BEGIN

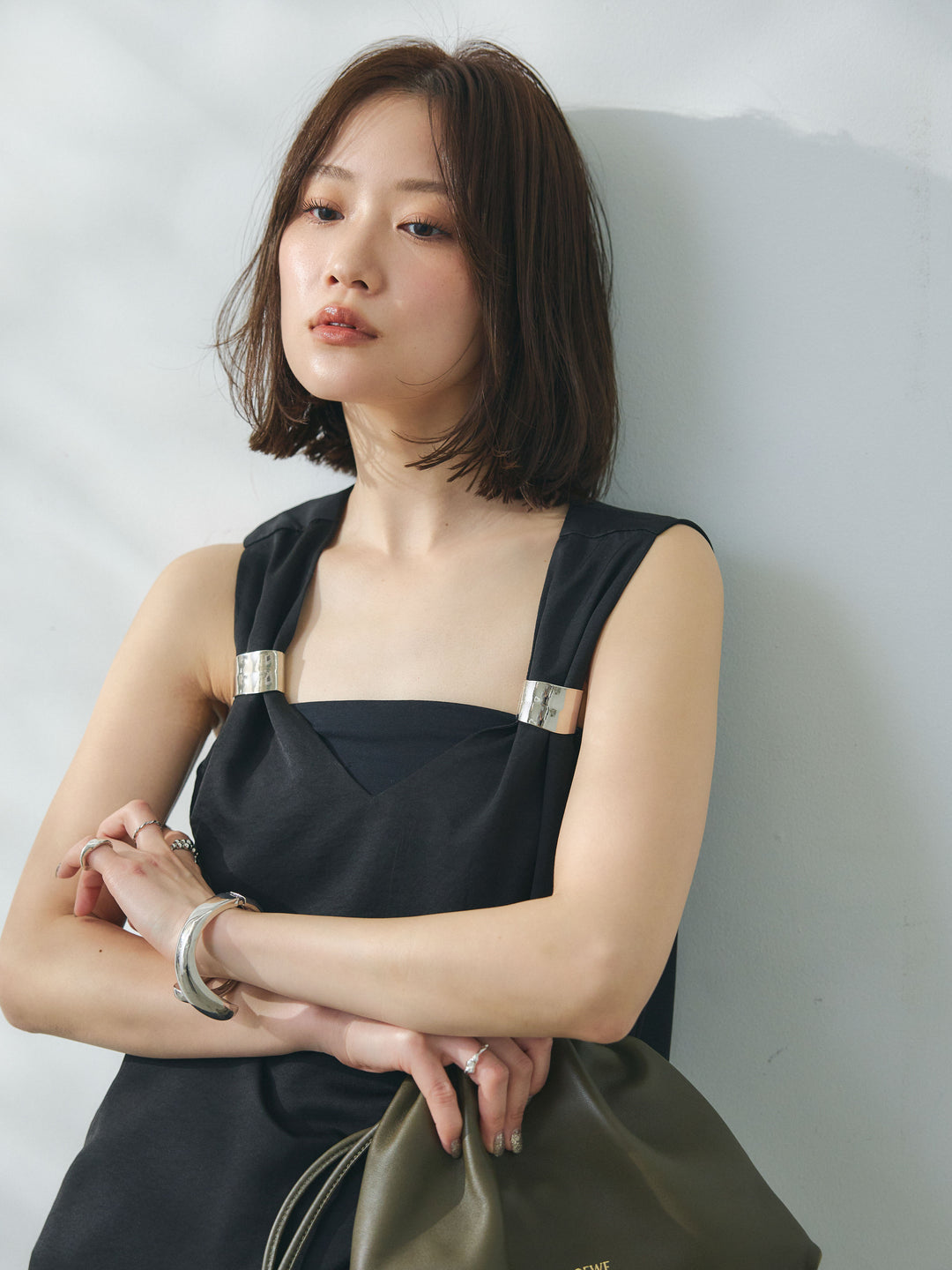 【Allure】[SET]メタルモチーフノースリーブブラウス+ウエストフリンジカットオフカーブデニムパンツ(2set)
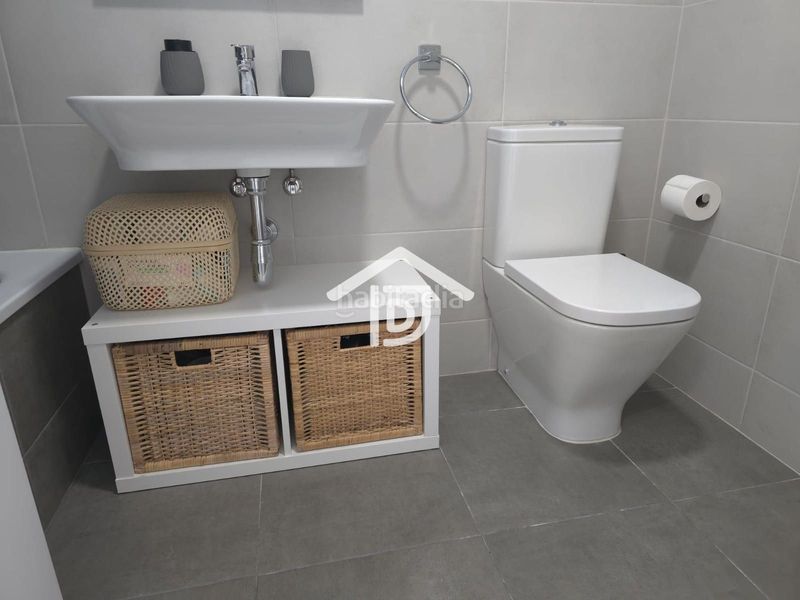 Foto e267587c-1516-4a47-b58e-49de46a40a50. Pis amb calefacció aparcament piscina a Malilla Valencia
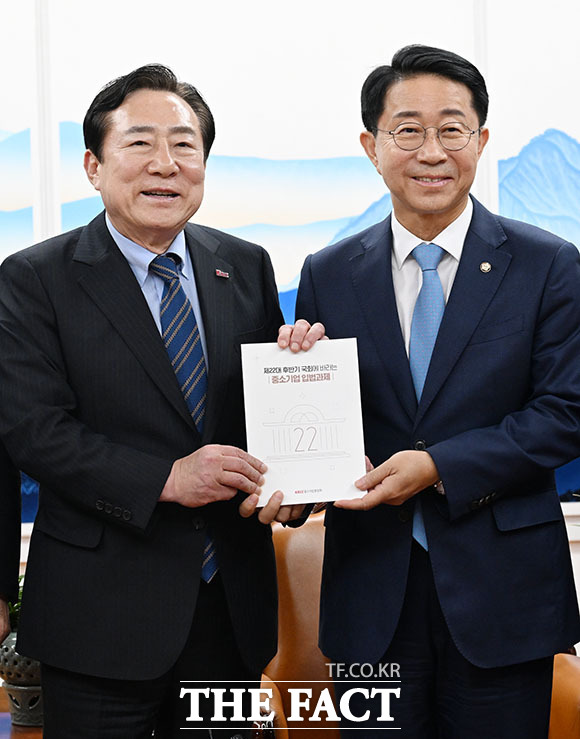 조정식 국회의장이 김기문 중소기업중앙회 회장을 비롯한 회장단을 만나 기념 촬영을 하고 있다.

END

◆ **Task objective**
Give back the data exactly. Skip any images.

◆ **Answer box**
 【Allure】[SET]メタルモチーフノースリーブブラウス+ウエストフリンジカットオフカーブデニムパンツ(2set)
 Foto e267587c-1516-4a47-b58e-49de46a40a50. Pis amb calefacció aparcament piscina a Malilla Valencia
 조정식 국회의장이 김기문 중소기업중앙회 회장을 비롯한 회장단을 만나 기념 촬영을 하고 있다.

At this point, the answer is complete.